The HTML table we saw before is available in SonarQube as well. What we have here is the so called historical data. What you see above is the report from the last time we performed the scan. So it gives us the overview which new classes we pushed (if you're running the analysis in some CI/CD environment) that don't have test coverage.

image.png

There is this visual indication that lines of code are missing test coverage. This can come in handy especially if you have some if statement. These tools can visually indicate if you forgot to test some of the conditions.

New vs Overall code report

image.png

This is a percentage of new code that is submitted for the analysis. 12.71% and no test submitted. Guilty as charged.

image.png

Here's the overall code coverage. 31.2% and 4 unit tests. Not great, not terrible. What I want to point here is that only the new code percentage will be checked against this 80% quality gate.
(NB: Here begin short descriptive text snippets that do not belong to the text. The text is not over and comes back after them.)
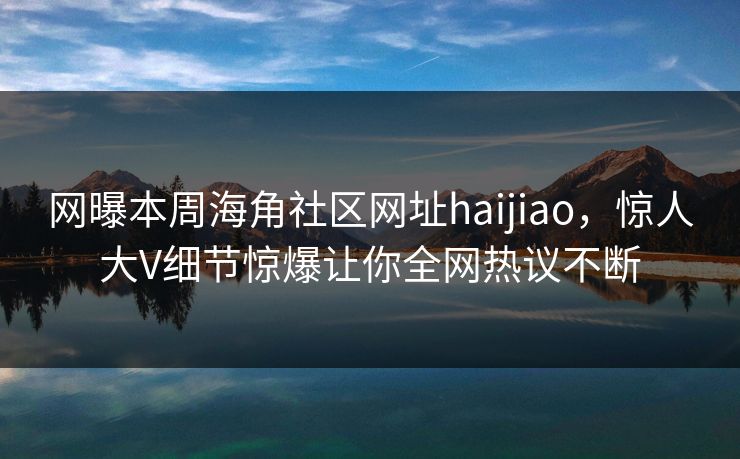 网曝本周海角社区网址haijiao，惊人大V细节惊爆让你全网热议不断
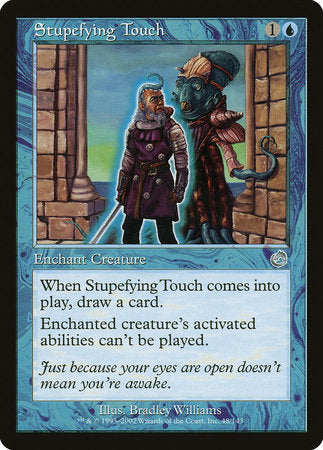 Stupefying Touch [Torment] | Exor Games New Glasgow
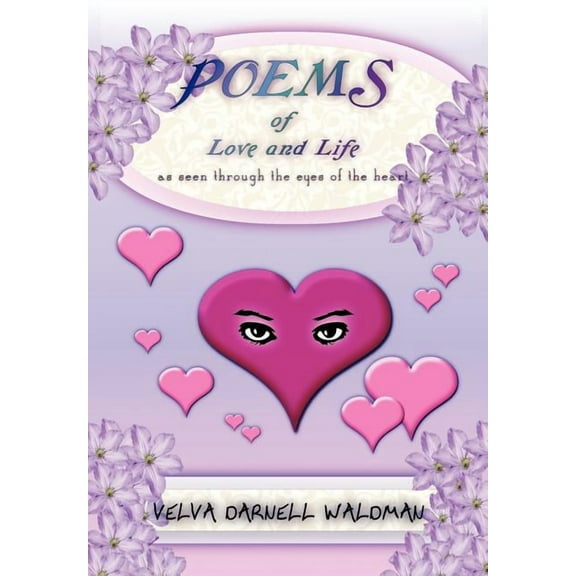Poems of Love and Life as Seen Through the Eyes of the Heart (Hardcover)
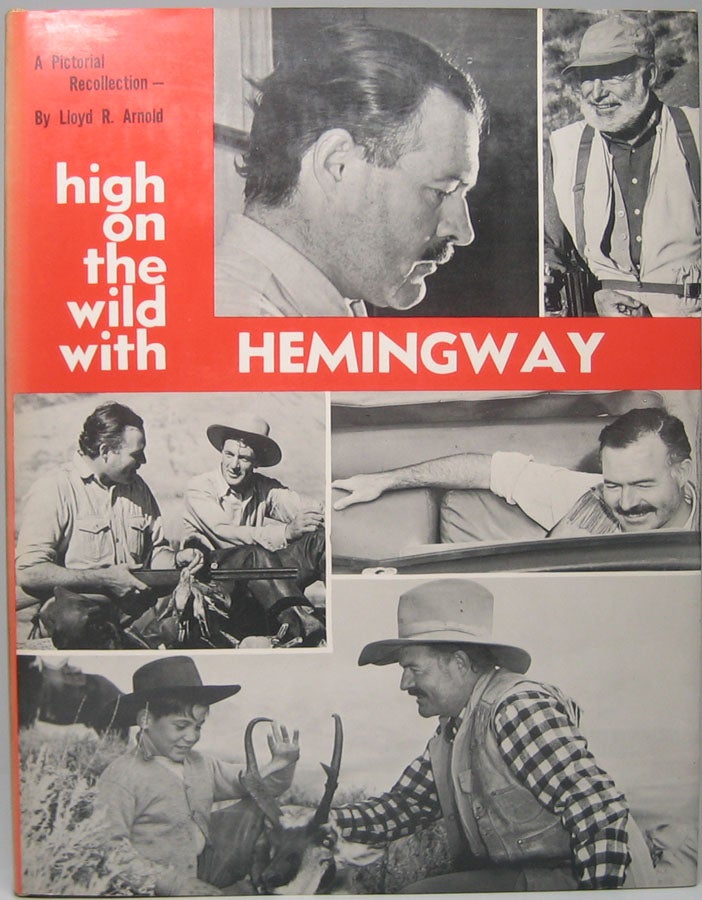 Item #44806 High on the Wild with Hemingway. Lloyd R. ARNOLD.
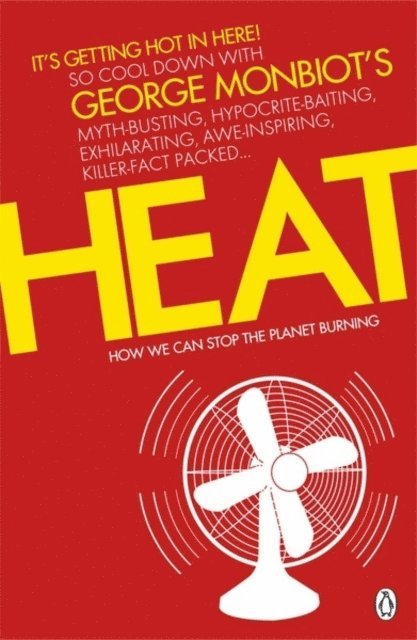 George Monbiot - Heat, E-bok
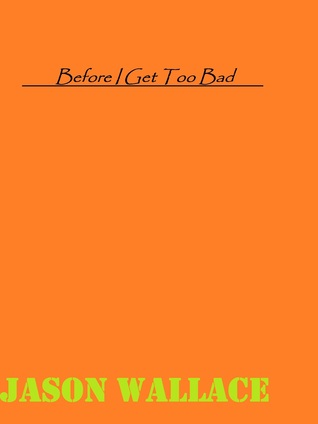 Before I Get Too Bad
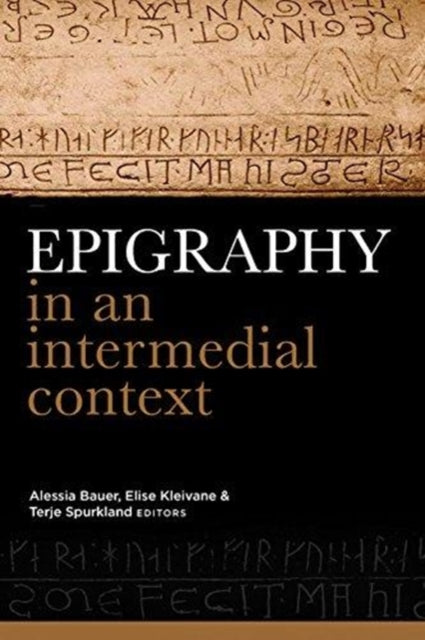 Epigraphy in an intermedial context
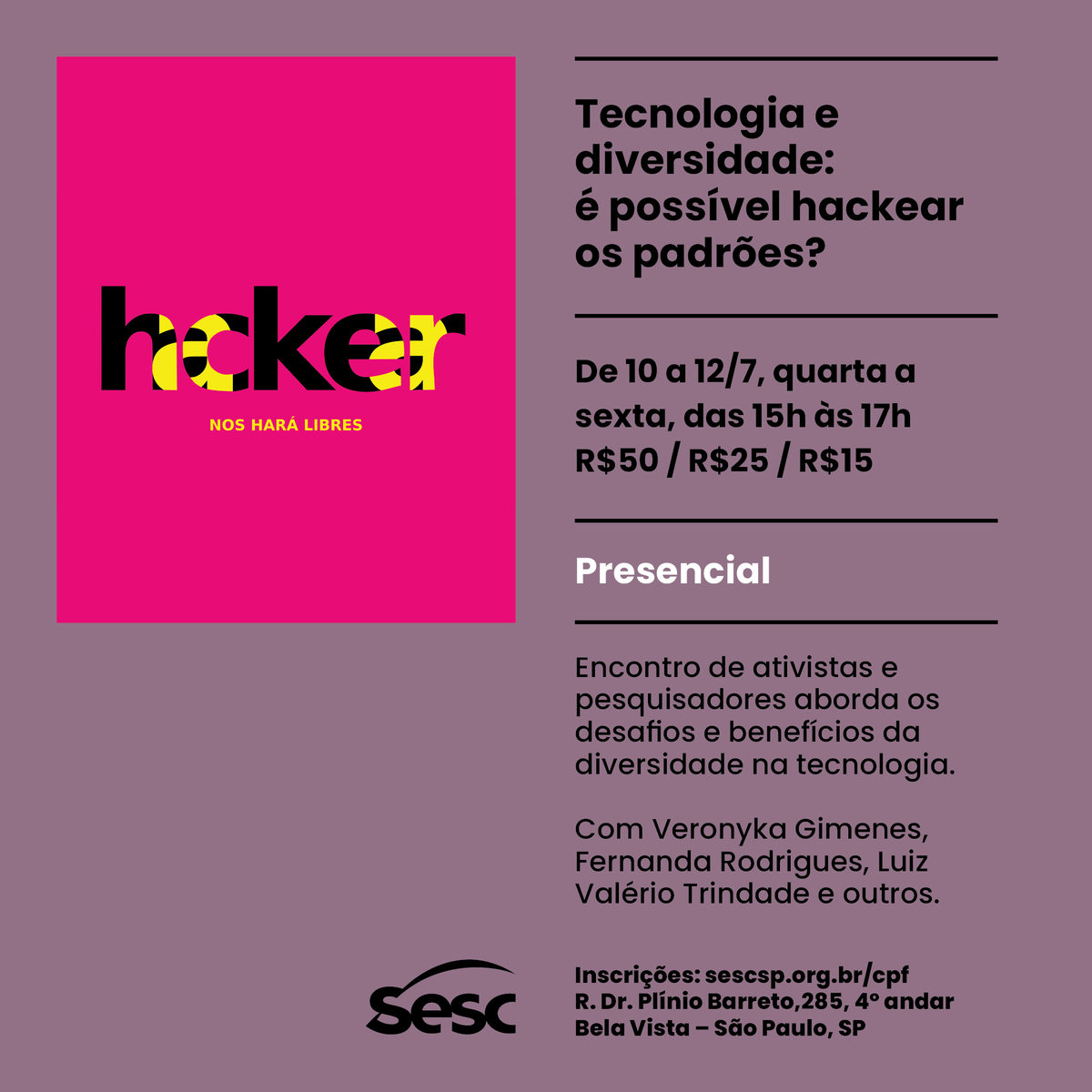 minas programam (@minasprogramam) on Twitter photo O que gênero, raça, sexualidade e neurodiversidade tem a ver com tecnologia?
Nossa co-fundadora, Ariane Sousa Campos, é uma das palestrantes no ciclo "Tecnologia e Diversidade: é possível hackear os padrões?", organizado pelo Sesc.
Inscrições aqui 👇…ntrodepesquisaeformacao.sescsp.org.br/atividade/tecn… O que gênero, raça, sexualidade e neurodiversidade tem a ver com tecnologia?
Nossa co-fundadora, Ariane Sousa Campos, é uma das palestrantes no ciclo "Tecnologia e Diversidade: é possível hackear os padrões?", organizado pelo Sesc.
Inscrições aqui 👇…ntrodepesquisaeformacao.sescsp.org.br/atividade/tecn…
This means whatever new you commit, you should cover it with more than 80%. It won't keep punishing you (make your project FAILED) if your overall coverage is below 80%. Only the new code. But, with new code coverage, you'll raise overall one eventually.

Summary

To enable code coverage and make it visible in SonarQube, you need to setup a maven plugin JaCoCo. You also need to attach it to mvn test phase. Quality gate is checking if your freshly scanned code meeds the quality standards.

Now, this is line coverage, I have some thoughts on whether a line coverage is good indicator or not, but that's a topic for another blogpost.